The landmark deal will see a number of beef plants approved and listed by the Chinese in the coming days and this list is expected to be extended.
Donegal Meat Processors (Foyle Meats), Slaney Foods International (ABP), and ABP Clones are the first plants to be selected to export to China.
Agriculture Minister Michael Creed said the agreement is a “powerful endorsement” of Ireland’s high standards.
“I understand that the Chinese authorities will list a number of our beef establishments within the next few days. The opening of this key market presents an excellent opportunity for the Irish beef sector, from farmers through to processors, in line with the market development theme of our Food Wise strategy. Opening and developing new markets is also a key part of our response to the uncertainties arising from Brexit,” said Mr Creed.
The Irish Farmers’ Association welcomed the announcement but said it is important that the terms and conditions attached to access for Irish beef are not overly stringent.
IFA president Joe Healy said: “This is positive news for the Irish beef sector and, as the minister has said, the key issue for Irish farmers is that it will deliver a higher margin and price back to them.”
China is now our third largest market for agri-food trade, with exports reaching €974m last year.
Dairy exports reached €667m and pigmeat exports were over €100m in 2017.
In the last 30 years Chinese demand for meat has quadrupled, and the country now consumes one-quarter of the world’s meat supply.
The appetite for beef has increased significantly in China and consumer demand for premium imported beef is forecast to rise significantly, driven by increasing urbanisation, higher disposable incomes and health awareness.
The import of frozen boneless beef, the category for which Ireland will have market access, has grown nine-fold within the last five years.
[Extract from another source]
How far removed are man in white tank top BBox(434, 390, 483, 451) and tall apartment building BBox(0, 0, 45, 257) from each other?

Overall beef imports to China have increased from under 100,000 tonnes in 2012 to around 600,000 tonnes in 2016. Frozen boneless beef accounts for around 80% of these imports.
Mr Creed said the door for trade has been opened thanks to a huge effort by officials in his own department and the Irish Embassy in Beijing, along with Bord Bia, other government departments and agencies, the food industry and farmers.
He said: “Our agri-food exports to China have increased roughly five-fold from around €200m in 2010 to nearly €1bn last year.
“This has been a remarkable achievement and underlines the importance of the Chinese market. For beef, the door has now been opened and there is a real opportunity for the industry to build on this.”
The minister is due to lead a trade mission to China next month to further build the trade relationships.
“I firmly believe that our beef industry can and will compete effectively in the Chinese market and I look forward to the opportunities that this access will bring. In addition to this first tranche of approvals, I am hopeful that a number of other Irish beef plants will not be too far behind,” Mr Creed added.